I am still missing how I can use my journaling_insert as index and the different records as insert record. Could you guys support me in that?

RainTown · March 12, 2025, 7:41pm

Different elasticsearch endpoints expect different input. You probably dont need the

 { "index" : { "_index" : "journaling_insert"}}

parts, just the documents. But still, you need do something similar with the http input to push just the documents to the elasticsearch output.

If you change your Delphi application to POST one document at a time to the HTTP endpoint then something like this will work:

input {
  http { host => "0.0.0.0" port => "8080" }
}
filter {
  json {
   source => "message" remove_field => "message" remove_field => "host" remove_field => "headers" remove_field => "@timestamp" remove_field => "@version"
 }
}
output {
 file { path => "/tmp/debug.txt" }
 elasticsearch { hosts=>["localhost:9200"] index=>"new_index" }
}

NOTE: I am not claiming this is the optimal approach.

Lets go through the 3 phases

input: your document (singular) arrives the HTTP port, here port 8080, path does not matter.
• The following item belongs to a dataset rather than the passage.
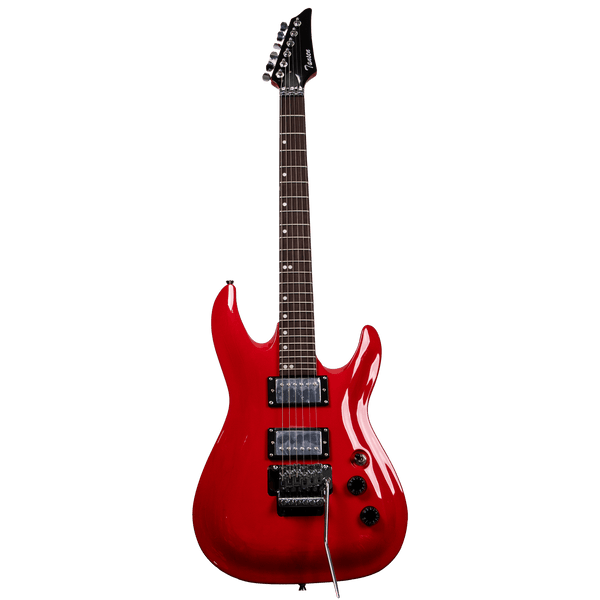 Tansen EG810RD Guitar Electric 6-String Double Cutaway Laurel Fingerboard Stratocaster Style HH Pickups Red - MusicMajlis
That received document is effectively stored into message inside a larger document, alongside various other fields like HTTP headers, methods, etc.
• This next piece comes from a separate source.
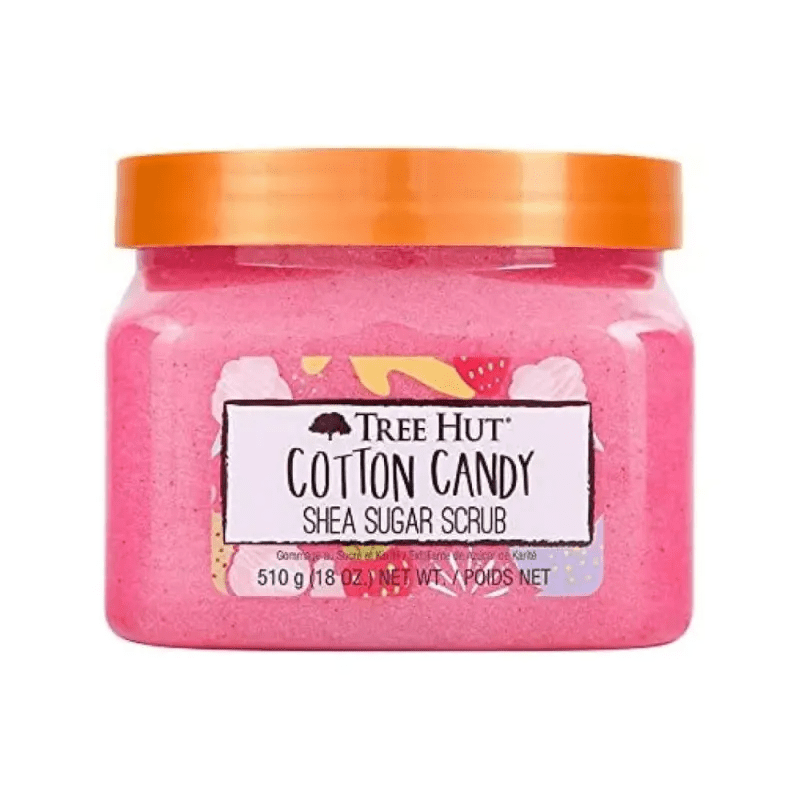 Цукровий скраб для тіла “Cotton Candy” Tree Hut 500 мл — фото №1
filter: this part essentially extracts the original document from the field message, and then throws away the message and rest of the fields.

output: this document is added to the (logstash internal) Q of docs to be indexed to elasticsearch. At some later time point (but within a very short time interval) elasticsearch will index all the docs in its current Q into the new_index index. Note logstash itself uses the _bulk endpoint by default.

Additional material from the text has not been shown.